I am trying to do a multiple column select then replace in pandas
df:
a b c d e
0 1 1 0 none
0 0 0 1 none
1 0 0 0 none
0 0 0 0 none
select where any or all of a, b, c, d are non zero
i, j = np.where(df)
s=pd.Series(dict(zip(zip(i, j),
df.columns[j]))).reset_index(-1, drop=True)
s:
0 b
0 c
1 d
2 a
Now I want to replace the values in column e by the series:
df['e'] = s.values
so that e looks like:
e:
b, c
d
a
none
But the problem is that the lengths of the series are different to the number of rows in the dataframe.
Any idea on how I can do this?
Use DataFrame.dot for product with columns names, add rstrip, last add numpy.where for replace empty strings to None:
e = df.dot(df.columns + ', ').str.rstrip(', ')

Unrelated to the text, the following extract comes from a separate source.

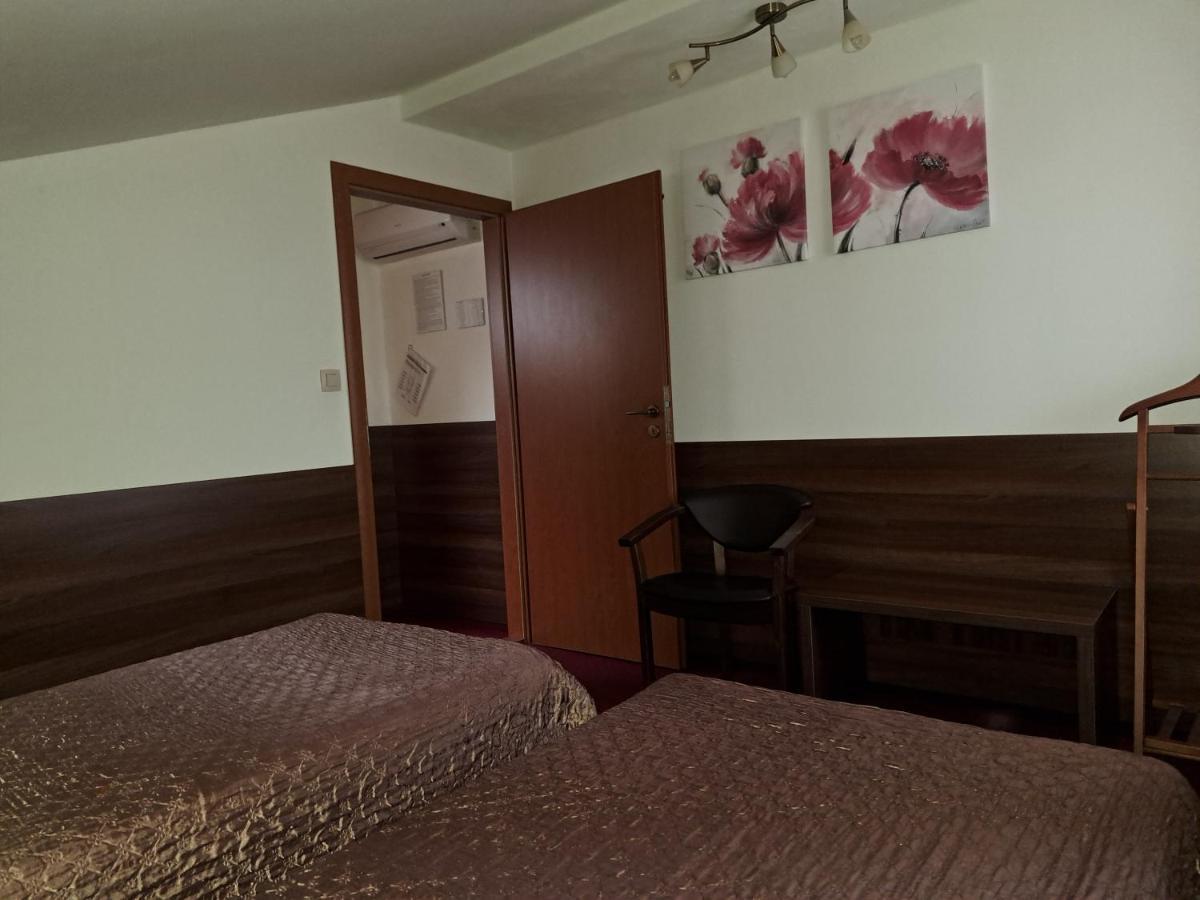 Penzion Kozak B&B Sebedražie エクステリア 写真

df['e'] = np.where(e.astype(bool), e, None)
print (df)
a b c d e
0 0 1 1 0 b, c
1 0 0 0 1 d
2 1 0 0 0 a
3 0 0 0 0 None
You can locate the 1's and use their locations as boolean indexes into the dataframe columns:
df['e'] = (df==1).apply(lambda x: df.columns[x], axis=1)\
.str.join(",").replace('','none')
# a b c d e
#0 0 1 1 0 b,c
#1 0 0 0 1 d
#2 1 0 0 0 a
#3 0 0 0 0 none